I wasn't terribly worried, on the theory that a show airing at 6pm on Cartoon Network couldn't be too off color. But you can never be certain, and Sacha is already plenty cheeky. With two older siblings controlling the remote, his viewing habits tend to be a bit lowest common denominator. I checked in to find the boys watching Adventure Time, which I have vague recollections of as being somewhat surreal and not half bad.

This was not the response Sarah was looking for, because she followed me back to the kitchen to suggest I put on a different show. I allowed this line of inquiry to continue by asking for examples of objectionable language, but she demurred.
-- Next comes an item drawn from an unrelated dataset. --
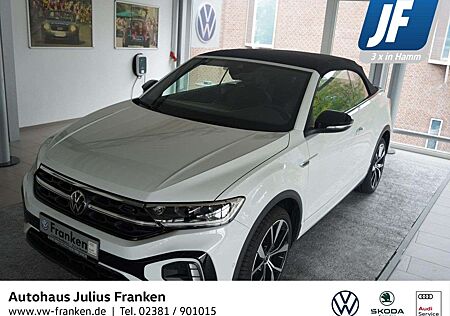 VW T-Roc Volkswagen Cabriolet 1.5 TSI R-Line Black Style AHK IQ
Me: Are they using curse words?
Sarah: Not exactly.
Me: Then what kinds of words are they?
Sarah: More like pre-curses.
Me: Pre-curses! Precursor curses. Like...dodo?
Sarah: No.
Me: Doofus?
Sarah: No. Like...stupid.
Me: Ah.
Sarah: Or jerk.
Me: Well, that's nothing he hasn't heard before.
Sarah: Or, 'This is jacked up.'
Me: Actually, it might be pretty funny to hear Sacha say that.
Sarah: Yeah, but sometimes they say things like, 'Go to hell.'
Me: That wouldn't be good.

Some of Sacha's most amusing utterances have been appropriated from television dialogue. I've seen him shake his fist and shout 'Curse you!' at offending inanimate objects, and he favors 'I have no i-clue,' an amalgam of 'I have no idea' and 'I don't have a clue.'  Last week while taking a bath he told me that karate takes skill, and practice, which I especially like because although it was lifted from a delightful book, it sounds like something overheard on a late night infomercial. 

And thus we devised a litmus test for appropriate television content — would this amuse or embarrass coming from Sacha's mouth? It could make a good drinking game; play at your own risk.